When a policy executes:

  1. AIDR evaluates configured access rules. When a rule matches:

    • If the rule action is Report, AIDR captures the event and continues evaluation.
    • If the rule action is Block, execution halts and prompt rules are not evaluated.
  2. If no access rules block execution, AIDR applies enabled prompt rules:

    • Runs configured detectors on the content.
    • Applies actions defined in the detectors (Block, Report, and detector-specific actions).

Report Only Mode

You can use Report Only Mode to evaluate policy rules and save results in logs without enforcing actions on end users or returning policy evaluation results to the collector.

This allows you to test policies and collect data for analysis without affecting user experience.

Example 200 response in Report Only Mode
{
...
"status": "Success",
"summary": "The payload has been accepted and will be processed asynchronously",
"result": {}
}

How it works with existing rules

  • Block - The block event is logged, but the request proceeds. Users aren't notified or interrupted.
  • Transform/Redact (Replacement, Mask, etc.) - Transformations apply only to logged content for analysis. Users see the original, unmodified data.

The Status field in logs is set to Reported in either case.

Interpreting findings

When Report Only Mode is enabled, the logged content shows what the policy would have done if enforced in real time, not what users actually experienced. You can identify which findings were evaluated versus enforced by examining the Reported status.

Use cases:

  • Test new policies in production without user impact.
  • Tune detection rules before enforcement.
  • Collect baseline data for policy development.
note:

Browser collector Output Rules are always applied in Report Only Mode.

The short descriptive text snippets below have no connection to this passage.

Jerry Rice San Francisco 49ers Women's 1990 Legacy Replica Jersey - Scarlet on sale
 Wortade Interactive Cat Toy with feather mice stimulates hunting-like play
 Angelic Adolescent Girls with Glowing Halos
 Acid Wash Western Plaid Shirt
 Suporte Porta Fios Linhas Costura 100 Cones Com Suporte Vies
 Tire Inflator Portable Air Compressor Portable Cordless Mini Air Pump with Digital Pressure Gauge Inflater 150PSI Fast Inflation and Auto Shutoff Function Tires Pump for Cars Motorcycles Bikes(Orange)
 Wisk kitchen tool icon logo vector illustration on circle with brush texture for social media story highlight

View policy configuration activity

You can view changes in policy configuration on the Configuration Activity tab.

Manage policy options

Click the menu icon () in the policy list or on the policy details page to access the following options:

  • Clone - Create a copy of the policy.
  • Rename - Edit the policy name (available for custom policies and modified default policies).
  • Delete - Remove or reset policies:
    • For a policy you created - Delete the policy.
    • For a default policy - Reset the policy to its default configuration.